NEW BERLIN, Wis. - ABB has announced that its new Automation Products Rolling Road Show units are now on the road showcasing the company’s automation solutions. The 45-foot-long, single-chassis vehicles were built out from scratch, starting in early 2009, and went into use the last week of June.

“It’s a herculean effort on the part of professionals from a host of sources,” according to Mike Brown, who is the director of Commercial Marketing for ABB Low Voltage Drives, and the lead on coordinating the teams of personnel who contributed to the completion of the new vehicles. EEI Global, a third-party builder of mobile units based in Michigan, worked as the general contractor to keep the schedule on track, with subcontractors from various businesses throughout the Midwest handling details and build-outs of demos and components. Subcontractors included Innovasys, a systems integrator near EEI, who coordinated the interoperability between the equipment and communications demo. “We enjoyed the challenge,” said Dave Bunce, principal of the company, located in Sterling Heights, Mich.

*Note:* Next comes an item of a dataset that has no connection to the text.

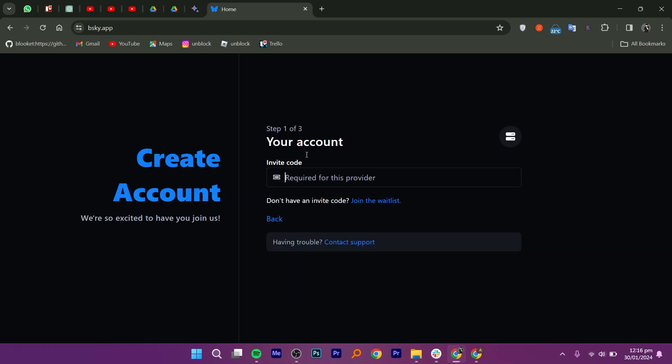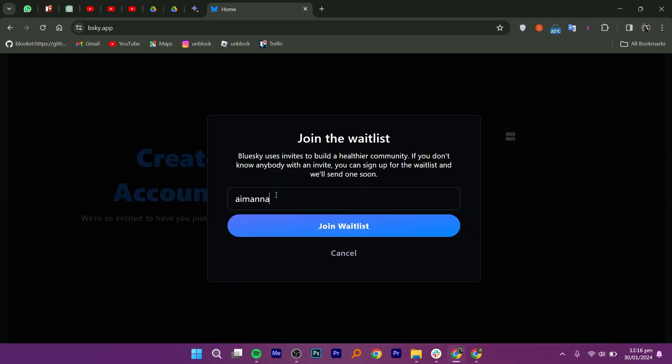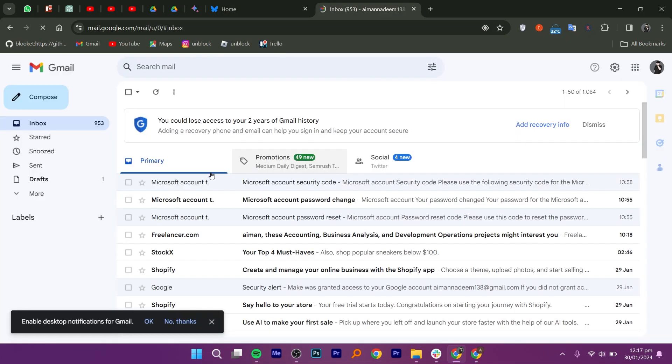Here, you need to add an invitation code. If you don't have one, click on join the waitlist. Now enter your email address. Then, click on join waitlist.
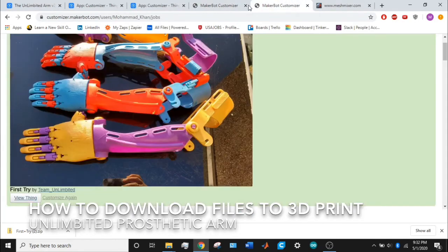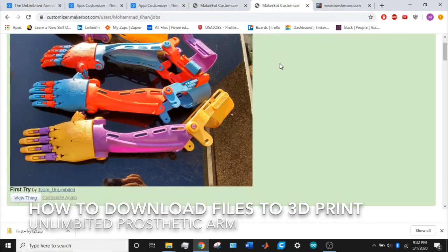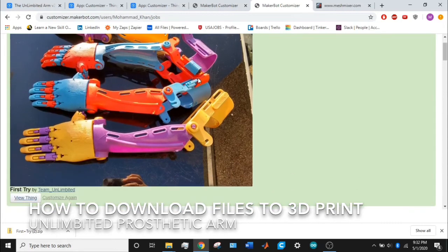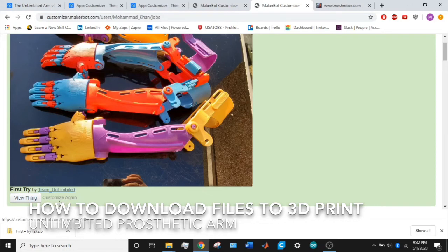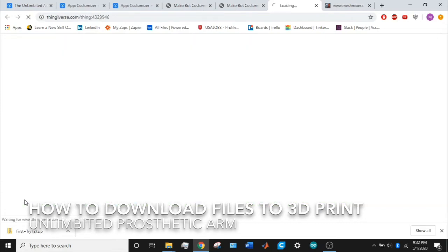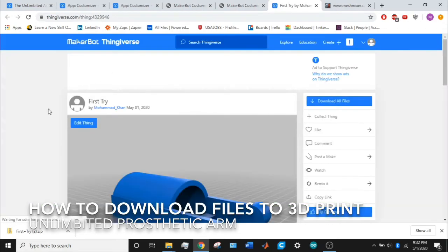Your queue will look like this. There'll be a progress bar right here. I did one and it was finished in less than seven minutes. Once you're done, just go to the bottom of the photo, go on view thing, or you can customize it again if you want. If you made a mistake in the measurements, you can fix it. But if you're good to go, click on view thing and another tab will open.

The Rolling Road Show units, which feature expandable sides that double the exhibit and usable space when the vehicles are set up, require a 50- by 40-feet footprint for space. “This definitely has upped the ante significantly for spatial considerations, and where our sales team members are choosing to make tour stops throughout the sales districts,” said Tricia Meye, the tradeshow coordinator for Low Voltage Drives who gathered the ABB equipment used throughout the interior of the units. Set-up and tear-down of the shows, plus travel time from venue to venue, means each vehicle can visit one ABB prospect or customer site each day, she noted.

Called “expandables” to distinguish the two new mobile exhibits from the two “trailers” that Low Voltage Products continues to use, the fleet now has four units. “These rolling units illustrate the way ABB is going to customers and prospects - taking our value propositions and products right into the parking lots of our targets and customers. In a fiercely competitive market and economy, this tactic makes practical, and economic, sense,” Brown noted. The four units, during the remainder of the year, will be used “to interact with 15,000 to 17,000 prospects and existing customers,” he said.

The new expandables feature a wide range of product and service solutions from the Drives, Low Voltage & Products, and Low Voltage Motors Local Business Units. Working demos include: an ultra-low harmonic drive/fan demo; dyne demo; communication demo; motor control center demo, and switchgear demo. These work alongside a number of static displays that profile the array of ABB’s automation solutions.

The new units are equipped with solutions that ABB offers to both the industrial and HVAC markets. That expands significantly the reach and appeal of the new units, Brown said, because “ABB also enjoys a deep reach into the U.S. HVAC market.” Stops at distribution and customer locations are coordinated through district managers, Meye said, “and that gives each LBU a chance to solicit a stop - and bring key prospects to the locations where these units make a visit.” The tour stops within each district are mapped out weeks ahead, she said, to make it possible for the drivers dedicated to each unit to plan their travel and set-up times.

The mobile units have proven to be a powerful sales tool, according to Brown. “Many end users are under pressure to justify spending for travel and time away from their business,” he said, “and these units give them a way to be familiar with the newest technology at their disposal.” The fleet does not replace ABB’s participation in regional and national tradeshows, he said. “They do give us the way to be more strategic, and to choose our tradeshows to complement these rolling shows; we can concentrate on tradeshows that reach prospects in vertical markets we target to grow in.”